I will assume a binary floating point representation such as IEEE-754, which consists of a fixed-width bit field containing the mantissa and a fixed-width bit field containing the exponent. For the purpose of illustration I will assume that all numbers are positive, but I don’t think extending this to handle both positive and negative numbers presents any particular challenge.
Let’s consider each number to be summed to include a high-set-bit and a low-set-bit. Each bit will have an appropriate place-value identification. Both of these bits are set, and the difference in place-value cannot exceed the width of the mantissa in the representation. In between the high-set-bit and low-set-bit for a number, there are a collection of other bits of values of zero or one, as indicated by the mantissa.
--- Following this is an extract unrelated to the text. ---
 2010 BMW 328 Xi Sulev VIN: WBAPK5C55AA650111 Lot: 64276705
Across the array of all numbers to be summed, determine the highest place-value of the high-set-bit, and the lowest place value of the low-set-bit across the array of numbers. This could be performed in parallel using max and min reductions.
Starting from the lowest place value of the low-set-bit, up to the highest place value of the high-set-bit, do:
- identify which values have a set bit at that place value. The result of this step is a zero or one, for each thread/number (this is trivially parallelizable)
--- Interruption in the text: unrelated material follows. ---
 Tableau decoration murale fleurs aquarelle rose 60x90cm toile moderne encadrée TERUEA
- perform a sum reduction on the output from the previous step (parallelizable)
- add the result, if any, from the previous iteration, shifted right by one bit
- using the result from the previous step, assign a zero to the final answer bit position that corresponds to the place-value for this loop iteration, if the result of the previous step is even. Otherwise assign a one to the final answer bit position for this loop iteration.
- repeat for the next iteration/place-value/bit position
Although I have indicated that the above loop must proceed from the lowest set bit position to the highest set bit position, in fact it must proceed until the highest bit position and then until the result of adding the previous iteration result, shifted right by 1, is zero.
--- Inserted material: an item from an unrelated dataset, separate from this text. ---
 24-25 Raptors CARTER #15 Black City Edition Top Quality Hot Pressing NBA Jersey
When the final result is thus assembled, it will consist of potentially a very long binary word. That very long binary word will need to be truncated/rounded to fit in the desired result representation.
The above arithmetic is essentially all integer arithmetic, and with appropriate choice of intermediate integer quantities (e.g. unsigned long long) it should be able to handle “arbitrary” array sizes.
The above method could certainly be optimized for performance. For example, arrangement of the numbers from largest to smallest would allow entire threadblocks to retire early, or even traverse over a fixed subset of the place value range, as determined by their subset of numbers.
It’s not obvious to me that any method could give a more accurate representation of the true result than this. Furthermore there should be no variability in result, from run-to-run, or from machine-to-machine.